Thomas Graves created MAPREDUCE-4213:
----------------------------------------
Summary: nodemanager should cleanup running containers when
shutdown
Key: MAPREDUCE-4213
URL: https://issues.apache.org/jira/browse/MAPREDUCE-4213
Project: Hadoop Map/Reduce
Issue Type: Bug
Components: mrv2, nodemanager
Affects Versions: 0.23.3
Reporter: Thomas Graves
Currently the nodemanager doesn't cleanup running containers when it gets
restarted. This can cause containers to get lost and stick around forever.
We've seen this happen multiple times when the RM is restarted. When the RM is
brought back up, it doesn't know about what was running on the cluster, it
tells the NMs to reboot and when the NM reboots it loses what it had running.

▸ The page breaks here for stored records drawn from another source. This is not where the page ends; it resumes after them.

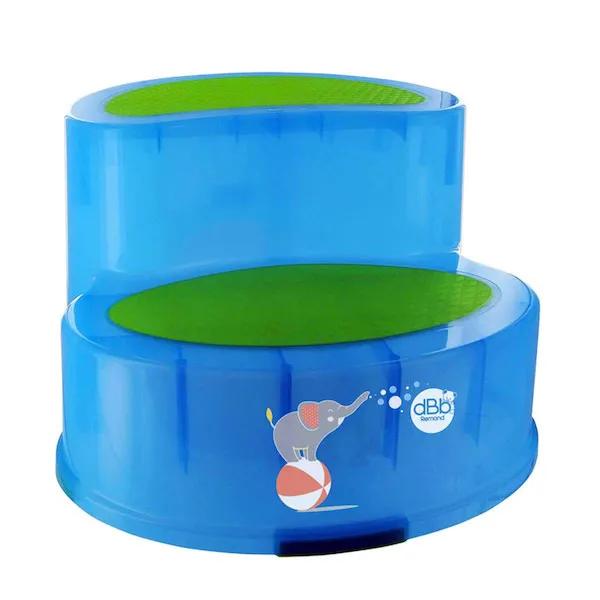 Marchepied Enfant Base Antidérapante Coloris Bleu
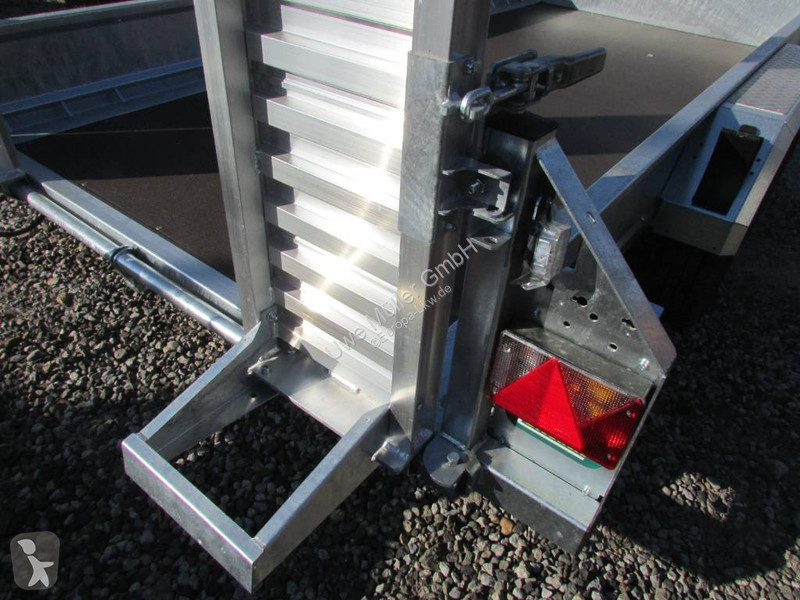 مقطورة  UB 3618-35-14 Baumaschinenanhänger 3,5 t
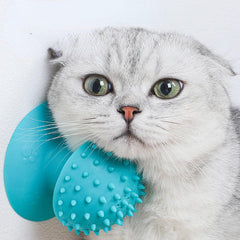 Cat Dog Massage Self Groomer Comb - Pet Grooming Accessories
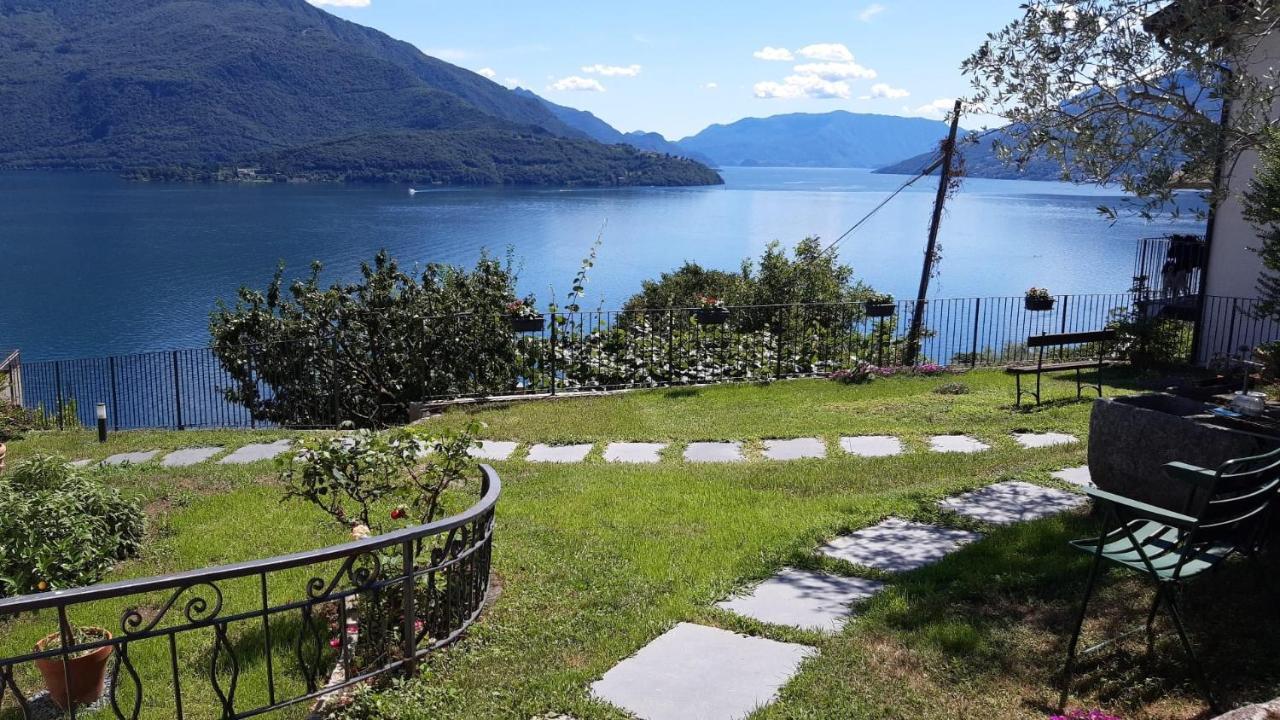 Ca' Del Barba Appartement Domaso Buitenkant foto
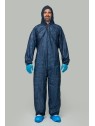 Buzo desechable marino PP 35g/m² | KiotechProtección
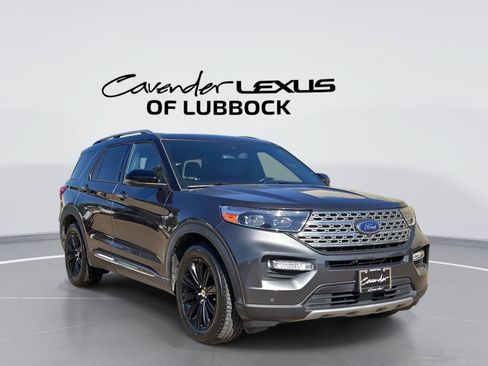 Used 2020 Ford Explorer Limited RWD image 1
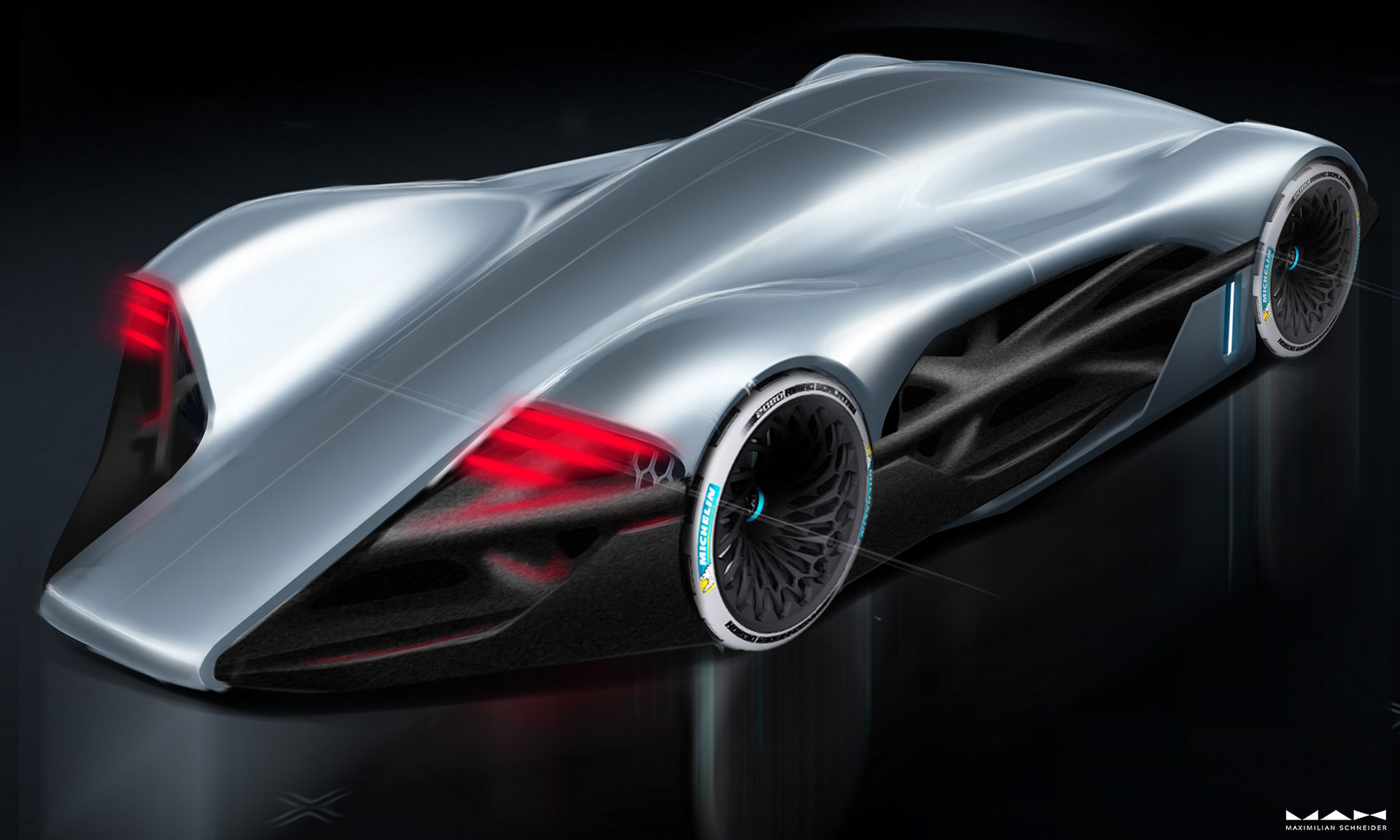 Rimac Scalatan Is A 3,000 HP Hypercar For The Year 2080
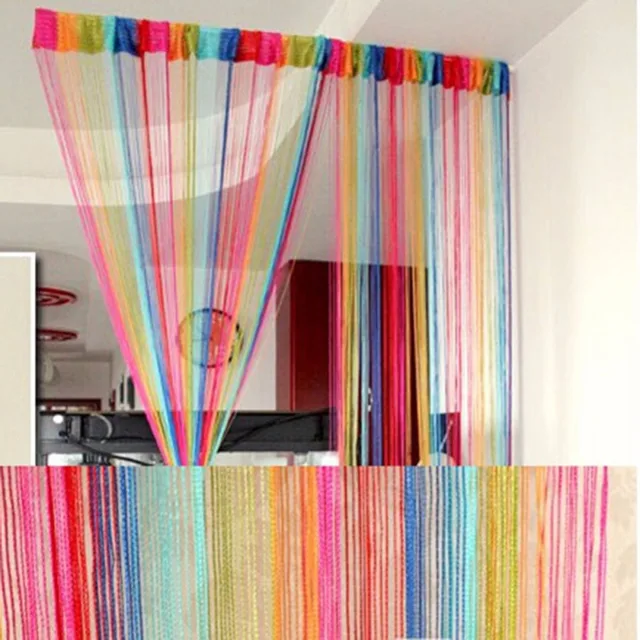 Curtain Sweet String Line Decorative Door Window Panel Room Curtain Sweet String Line Decorative Door Window Panel Room Divider D315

If there are any containers that are behaving badly there is no one left that
knows about them to kill them.
We should try to kill any running containers when the node manager is shutting
down. We should also check when the nodemanager is being brought back up - but
that will be a separate jira.
This might change a bit when RM restart is implemented if tasks can actually
survive across RM/NM being rebooted, but that can be addressed at that point.
--
This message is automatically generated by JIRA.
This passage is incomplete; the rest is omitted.